> **Material provided**:

————

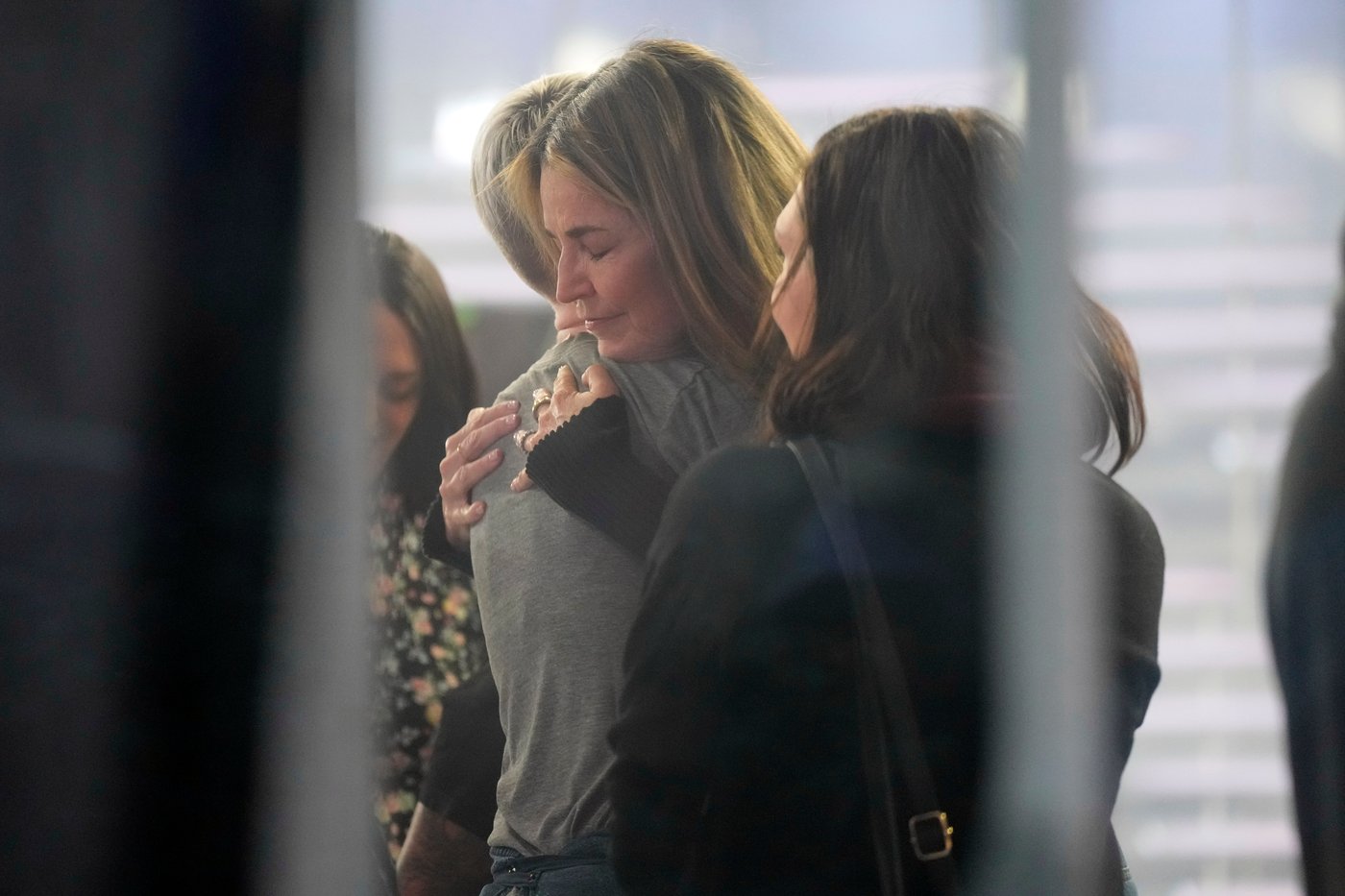 Savannah Guthrie makes offscreen visit to 'Today' show, first since her mother went missing | iNFOnews.ca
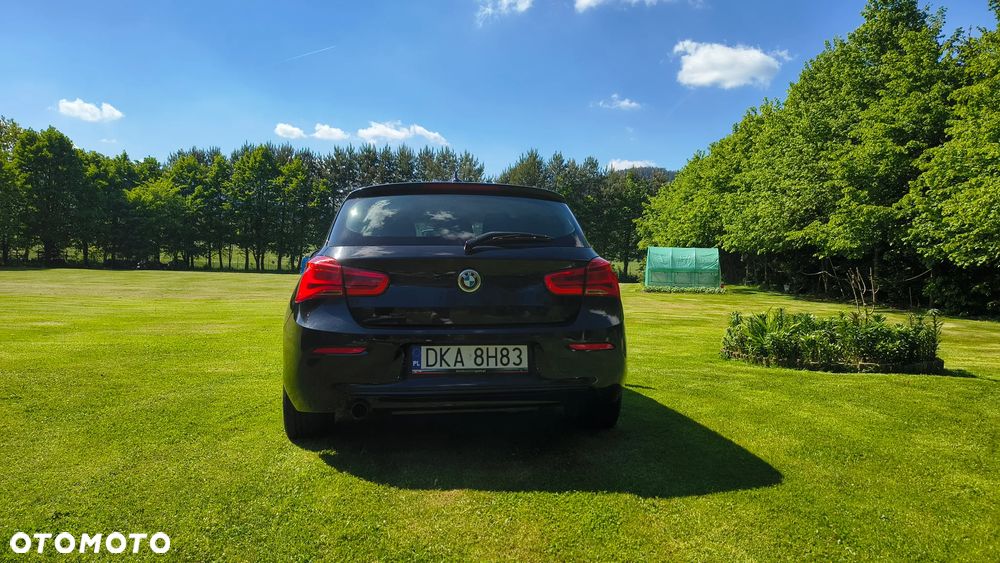 BMW Seria 1 118i - 4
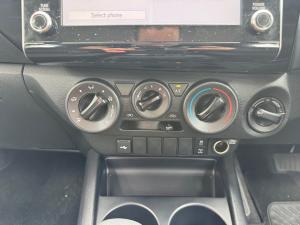 Toyota Hilux 2.4GD-6 double cab 4x4 Raider auto - Image 14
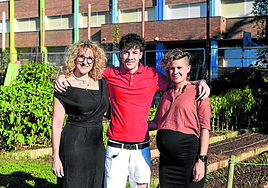 Ainhoa Irigoien, su hijo Alain y la extutora de éste, Enara López de Munain, frente al colegio Zubileta.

————

> **Work order**: Please copy the data shown above precisely, leaving the images out.

> **Written solution**:
 Savannah Guthrie makes offscreen visit to 'Today' show, first since her mother went missing | iNFOnews.ca
 BMW Seria 1 118i - 4
 Toyota Hilux 2.4GD-6 double cab 4x4 Raider auto - Image 14
 Ainhoa Irigoien, su hijo Alain y la extutora de éste, Enara López de Munain, frente al colegio Zubileta.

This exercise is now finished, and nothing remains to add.